By HECTOR CANTU / The Dallas Morning News
TORONTO Soon after the Ontario Court of Appeal ruled June 10 that gay men and lesbians could get married, same-sex couples began showing up at Toronto City Hall to get their marriage licenses.
Through July 4, the city had issued 309 same-sex marriage licenses. Forty-nine had gone to U.S. couples.
Many of the couples chose to be married in the City Hall wedding chapel.
The elevator doors open and a large, boisterous family emerges.
"They've been together 16 years," Audrey Dawson, 83, announces to no one in particular. Clerks and onlookers at the chapel exchange smiles and curious glances.
At the center of the clan are Craig Dawson and Rick Belanger.
They are here to get married.
"You're happy, aren't you sweetheart?" Ms. Dawson asks her son.
"The word is gay," he says as his partner and future in-laws burst into laughter.
The clerk signals that the officiator Canada's equivalent of a justice of the peace is ready. The group makes its way to the chapel door.
In the chapel, vows are exchanged. Tears flow. The couple emerge officially married. "I've never felt such joy," says Mr. Belanger, 38. "I never realized how much getting married could mean to me."
"Rick's brother said, 'You are my brother-in-law,' " says Mr.
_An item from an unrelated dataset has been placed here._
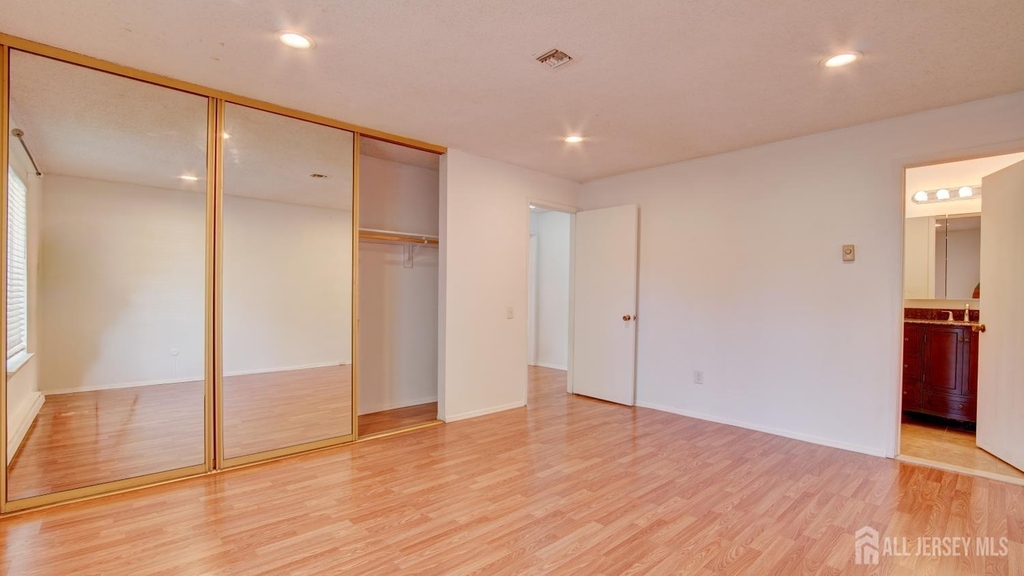 94 Salix Plaza - Photo 17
Dawson, 41. "That means a lot."
Moments later, the elevator doors open and as suddenly as they entered, the family is gone.
Dana Morgan wants her children to have a stable home.
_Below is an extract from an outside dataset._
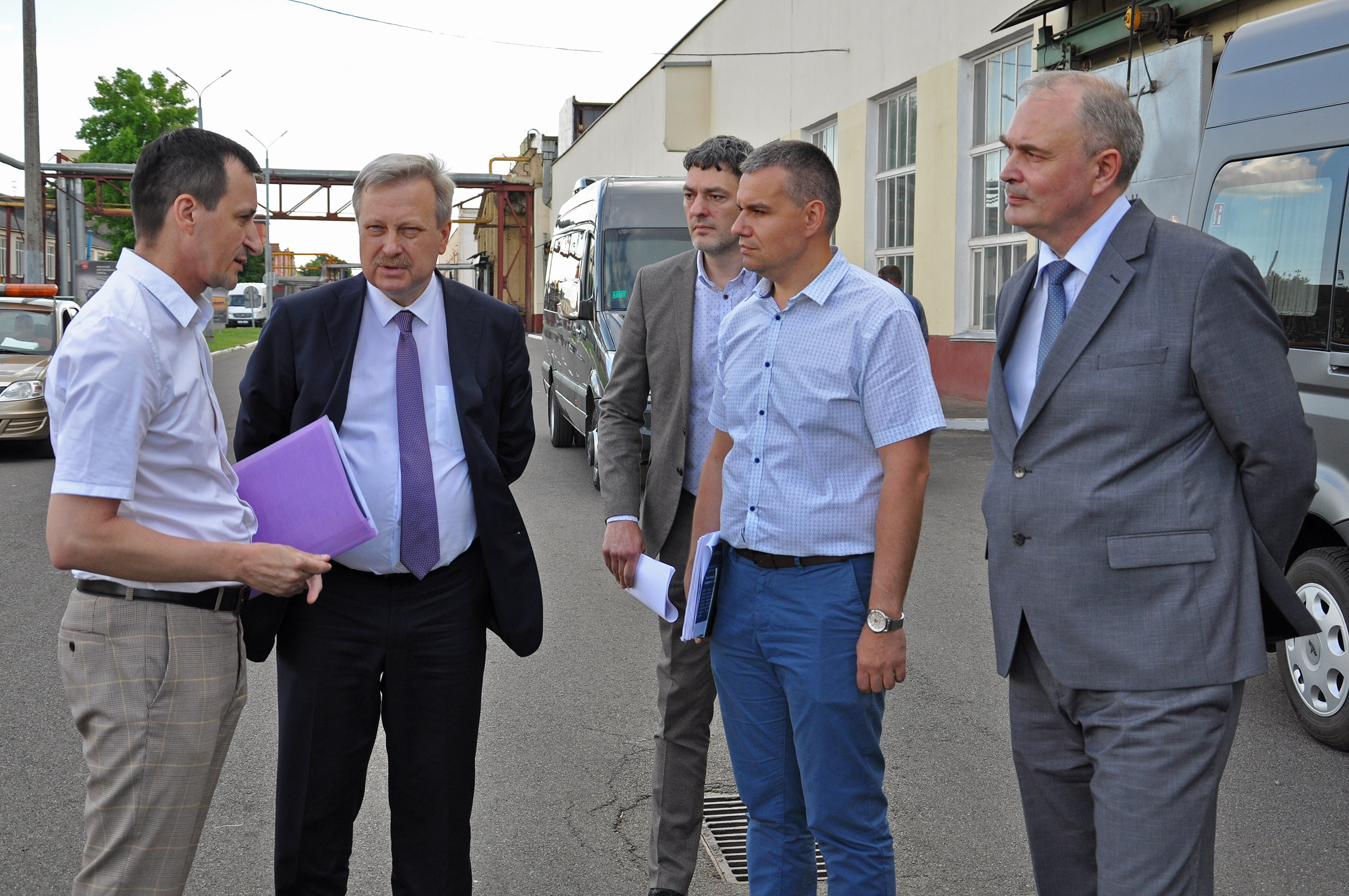 Делегация из Санкт-Петербурга посетила МАЗ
So she and her partner, Ashley Morgan, both 22, have driven eight hours from Northern Virginia to get married in Toronto.
"We're both strong Christians, and it's important to me to tell my children their parents are married," says Dana, a student and homemaker.
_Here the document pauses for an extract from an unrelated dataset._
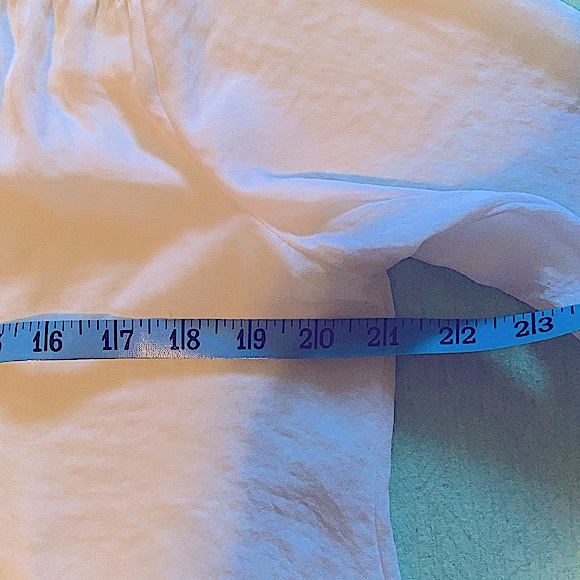 a.n.a. A New Approach white V-neck smocked-shoulder semi-sheer 3/4 sleeve top M - Picture 13 of 15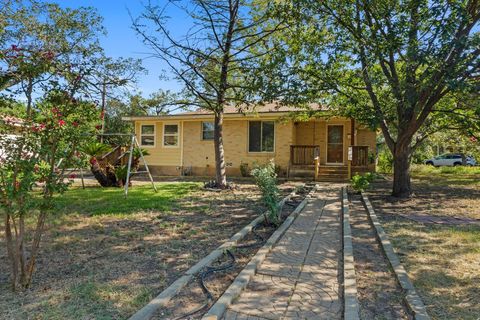 Photo of 1310 Harriet CT, Austin, TX 78756 (MLS # 6334609)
The couple don't have children, but they plan to start a family soon. They've already legally adopted the same last name.
For now, they're focused on their wedding. Ideally, they say, they'd love to have a traditional ceremony. "Just because I'm a lesbian," Dana says, "doesn't mean I don't dream of a white dress and a special day."
When Ontario decided it would allow same-sex marriages, Debbie Stokes and Cindy Williams' dream of a traditional wedding was within reach.
So, already on their way to Toronto for Gay Pride Week, the Albany, Ga., couple bought wedding rings, packed their wedding clothes and booked a boat tour of the world-famous newlywed destination of Niagara Falls.
"I felt like it was finally happening," says Ms. Stokes, 39, a health-care professional. She and Ms. Williams, 42, have been together six years.
Ms. Stokes is not sure whether her marriage will be recognized under Georgia law, but she's happy she can finally tell people she is married.
"That was the best week of my life," she says.